On Tue, Feb 16, 2021 at 10:00:42AM -0800, Yury Norov wrote: > On Tue, Feb 16, 2021 at 11:14:23AM +0200, Andy Shevchenko wrote: > > On Mon, Feb 15, 2021 at 01:30:44PM -0800, Yury Norov wrote: > > > [add David Laight <David.Laight@ACULAB.COM> ] > > > > > > On Sat, Jan 30, 2021 at 11:17:11AM -0800, Yury Norov wrote: > > > > Bitmap operations are much simpler and faster in case of small bitmaps > > > > which fit into a single word. In linux/bitmap.h we have a machinery that > > > > allows compiler to replace actual function call with a few instructions > > > > if bitmaps passed into the function are small and their size is known at > > > > compile time. > > > > > > > > find_*_bit() API lacks this functionality; despite users will benefit from > > > > it a lot.
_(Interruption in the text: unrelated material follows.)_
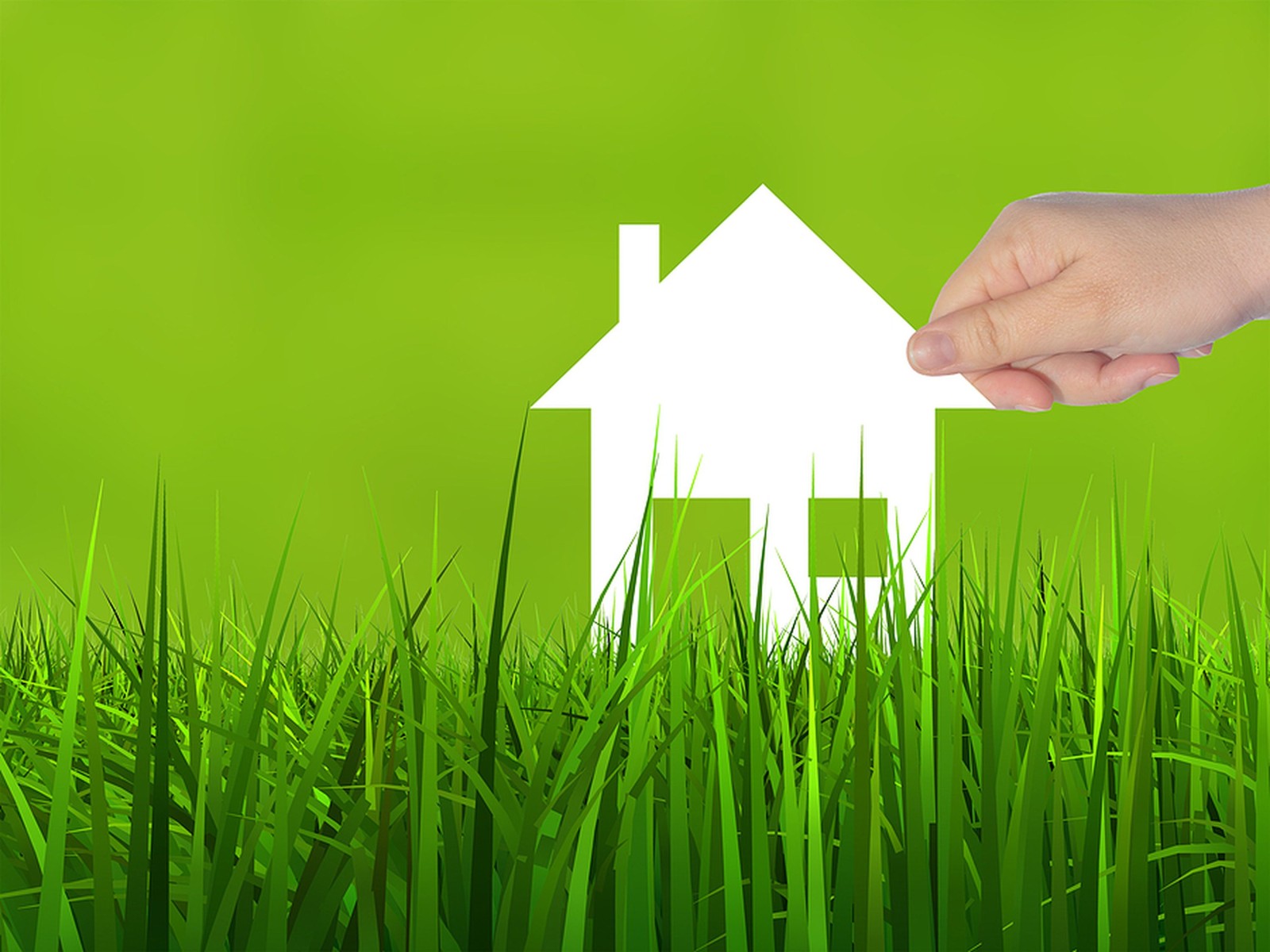 Koncepcja lub koncepcyjny symbol domu z białego papieru trzymany w dłoni przez kobietę na tle zielonej letniej trawy, metafora budownictwa, eko, ekologii, pożyczki, kredytu hipotecznego, nieruchomości, biznesu, inwestycji lub domu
One important example is cpumask subsystem when > > > > NR_CPUS <= BITS_PER_LONG. In the very best case, the compiler may replace > > > > a find_*_bit() call for such a bitmap with a single ffs or ffz instruction. > > > > > > > > Tools is synchronized with new implementation where needed. > > > > > > > > v1: https://www.spinics.net/lists/kernel/msg3804727.html > > > > v2: - employ GENMASK() for bitmaps; > > > > - unify find_bit inliners in; > > > > - address comments to v1; > > > > > > Comments so far: > > > - increased image size (patch #8) - addressed by introducing > > > CONFIG_FAST_PATH; > > > > > - split tools and kernel parts - not clear why it's better. > > > > Because tools are user space programs and sometimes may not follow kernel > > specifics, so they are different logically and changes should be separated. > > In this specific case tools follow kernel well. > > Nevertheless, if you think it's a blocker for the series, I can split. It's not a blocker from my side. But you make it harder to push like this, because you will need a tag from tools, which in my practice is quite hard to get -> blocker. My point is: don't make obstacles where we can avoid them. So, if tools won't take this, it won't block us. > What > option for tools is better for you - doubling the number of patches or > squashing everything in a patch bomb? Not a tools guy, but common sense tells me that the best approach is to follow kind of changes in the kernel (similar granularity).